Q: How many Dorchesterites can you fit in a bar room?
A: It depends on the length of the bar.
Dorchester is a neighborhood of bent elbows and loose lips. If there's a place for people to gather, they will do it in Dorchester. Build it and they will come, especially if there's beer on tap. Thirsts will be slaked and tongues will wag. Connections will be made and handshakes exchanged. By last call jobs will be divvied up, sub-contracted, and all that will be left is the work to be sewn up the next day. If there is something to be done, deciding how to do it was decided in a Dorchester bar.
Little things get done in offices. Insurance policies and leases get signed. Small money changes hands and small designs are completed at a desk that faces a plate glass window. Grand schemes are hatched on bar stools. Dorchester's bar stools are warm from a regular rotation of heated seats planted on thier padding. Talk circulates the way cigarette smoke used to before the Commonwealth imposed a smoking ban.

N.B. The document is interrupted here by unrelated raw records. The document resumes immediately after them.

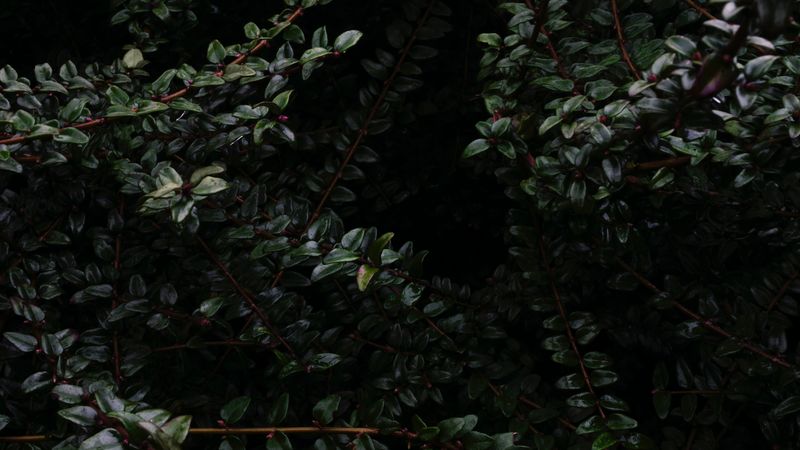 branches, leaves, wet, dark, darkness, 4k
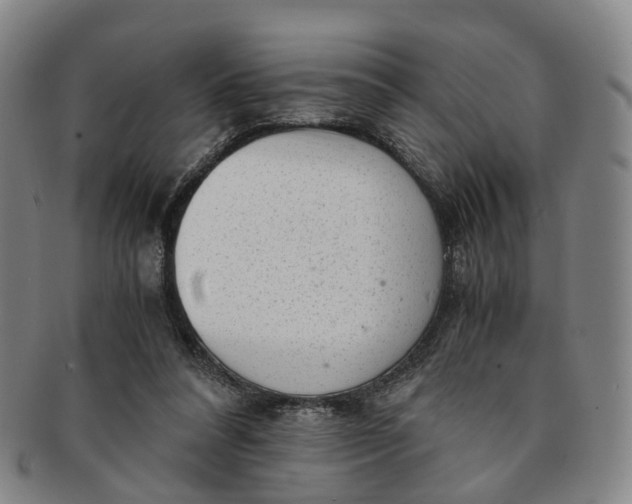 X0000091010304200708241518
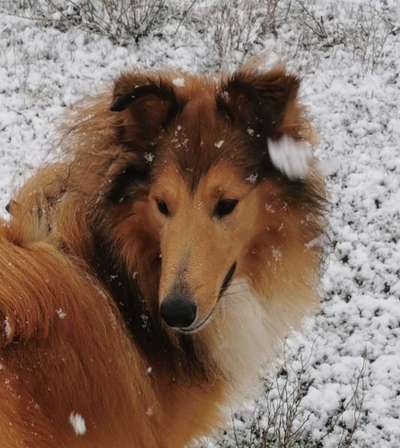 Handy-Foto-Challange Nr.9-Beitrag-Bild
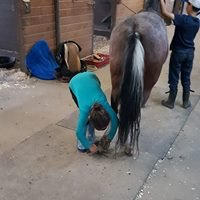 Luna and Hunter: Grooming before and after riding is all a part of the program here, at Positive Way Horsemanship.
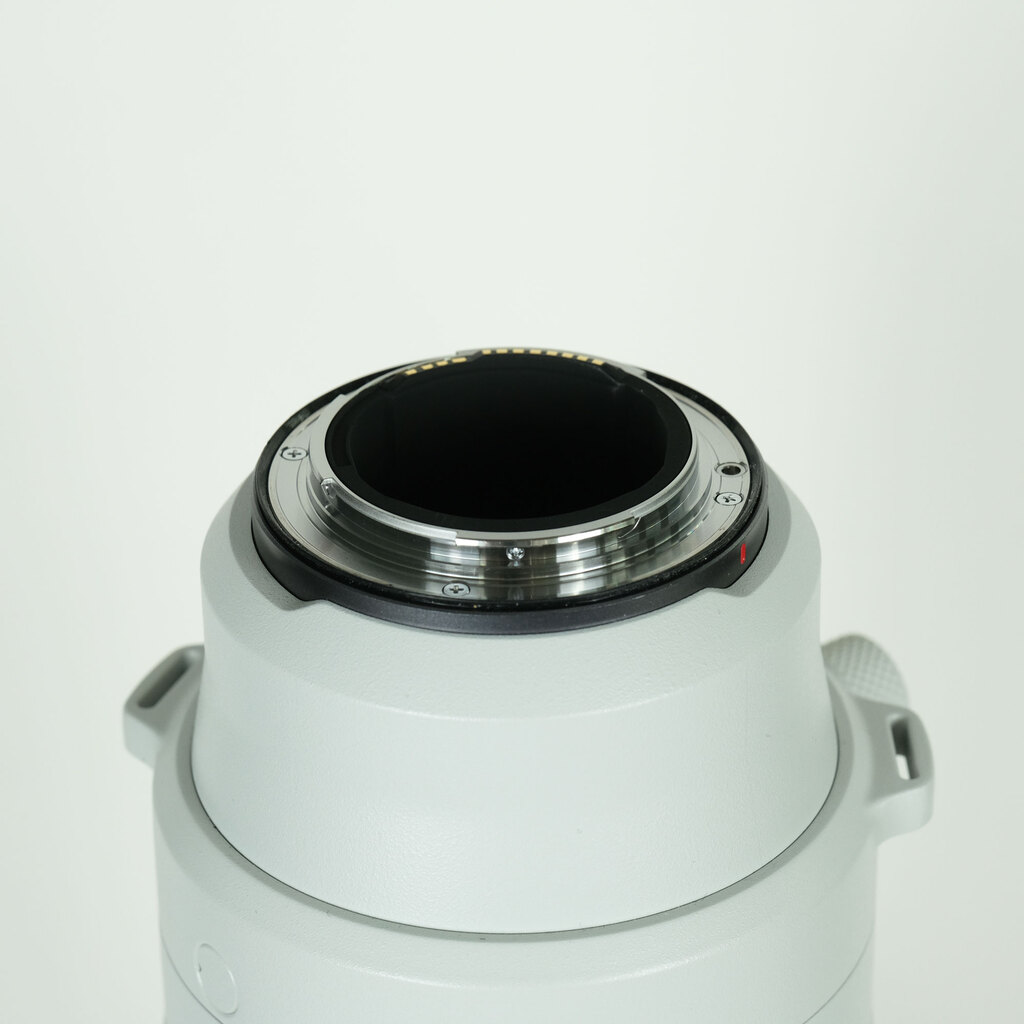 Canon RF200-800mm F6.3-9 IS USM Canon RF200-800mm F6.3-9 IS USM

Dorchester isn't raucous but it is full of animated chatter. Dorchester breeds blarney and boasts delivered in a relaxed brogue. There is little to prove in Dorchester. The proof is in the blood pudding, in the bangers and mash. Like foamy beer, everything in Dorchester comes to a head.
I tested this premise tonight at Tom English's and the Harp & Bard on Dot Ave, and C.F. Donnovan's on Savin Hill Ave. I heard more words than two ears can hold. If the intentions come true, we will wake up to a shinier Boston come Friday.
2 comments:
They like beer.
As Ben Franklin said: "God gave us beer to make people happy." Dorchester is like that.